Three Hypotheses on Collaboration, Hypothesis 1: Knowledge Evolves

Drew Dillon
ProductMan
Published in
3 min readOct 23, 2017

Over the course of my career, I’ve developed three foundational hypotheses about unaddressed needs in collaboration:

  1. Knowledge Evolves (this post)
  2. Email Inboxes are the Intranet
  3. Asynchronous Communication is Important and Broken

In this series, I will explore each of these hypotheses and some of their implications.

Hypothesis 1: Knowledge Evolves

The first and most fundamental thing I noticed about organizational knowledge is that it follows a common path.

note when they add tools
  1. In the beginning, an individual knows something and demonstrates that knowledge.
  2. Those recognizing that individual’s knowledge, ask them about it. The concept is thus refined, spread via conversation, and becomes tribal knowledge.
  3. Someone gets frustrated with the inefficiency of having long conversations to access that knowledge. They codify the knowledge somewhere and point people there.
  4. Subsequent requests, at least to that individual, are shared instead of sparking new conversations.
  5. Sometimes the knowledge is so important, it becomes enshrined, critical to job performance, part of new employee onboarding, etc.

Cool, I’ve sold you on having an intranet.

But, wait a minute, you still have to ask that one person that one thing every time. And that one bozo still bugs you every time they have a question, no matter how much you put in the wiki. What the heck?

Well, observing and knowing something is easy. Conversation is also easy, there’s no barrier to sending an email or Slack message. Meanwhile, there’s social pressure and neuroscience around responding to requests, no matter how repetitive or asinine.

Anything beyond tribal knowledge is comparatively hard:

  1. It involves a different tool/context. When the options are seconds in Slack/email vs. minutes crawling the intranet, users will default to conversation.
  2. The intranet is a dump. Users have to trawl through a fugly UX, navigate information architecture designed by Hieronymus Bosch, and/or pray to the search gods to divine a phrase that is the exact name of the article.

Thus we see a massive yawning chasm between tribal and codified knowledge. Most knowledge will never make the leap.

Tribal Knowledge’s Mini-chasm

A smaller, but pernicious chasm exists within tribal knowledge:

One employee asks a question via realtime system (SMS, Slack, etc.) and gets responses back. More clarifying questions, more responses, participants realize that short form answers are inefficient for this question. What do they do?

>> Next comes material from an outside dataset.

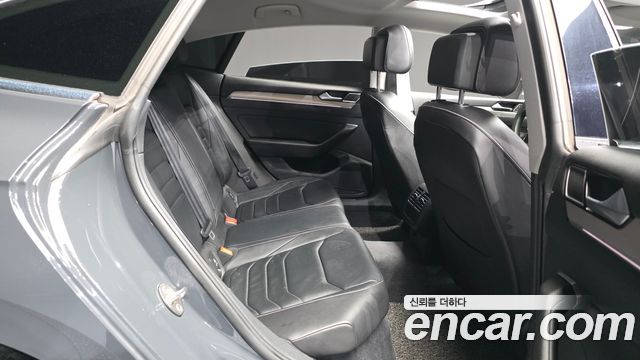 Volkswagen Arteon 2.0 TDI Premium 2018 — фото 12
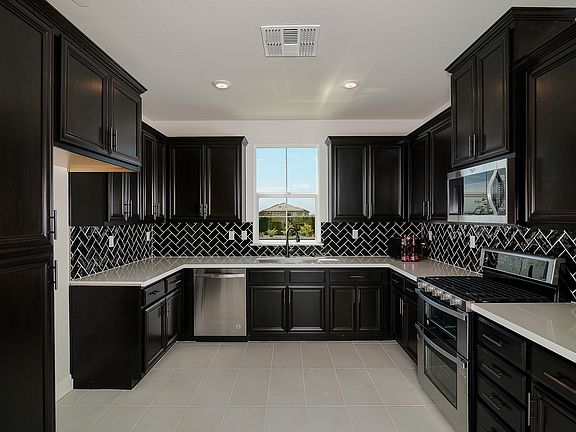 Interior Classico-Kitchen1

Too often this turns into a meeting, the highest bandwidth communication mechanism we have. No notes are taken, so the knowledge doesn’t evolve and isn’t searchable later.

Email or commenting on a shared document would likely have been more effective, but, similar to our first chasm, there’s friction and fidelity loss moving from one to the other.

So What?

My hypothesis is that knowledge evolves and the lack of tooling to facilitate this evolution is a massive drag on “knowledge workers’” productivity. If economies lurch forward with gains in productivity, I argue that the inability to evolve knowledge is an impediment to economic growth.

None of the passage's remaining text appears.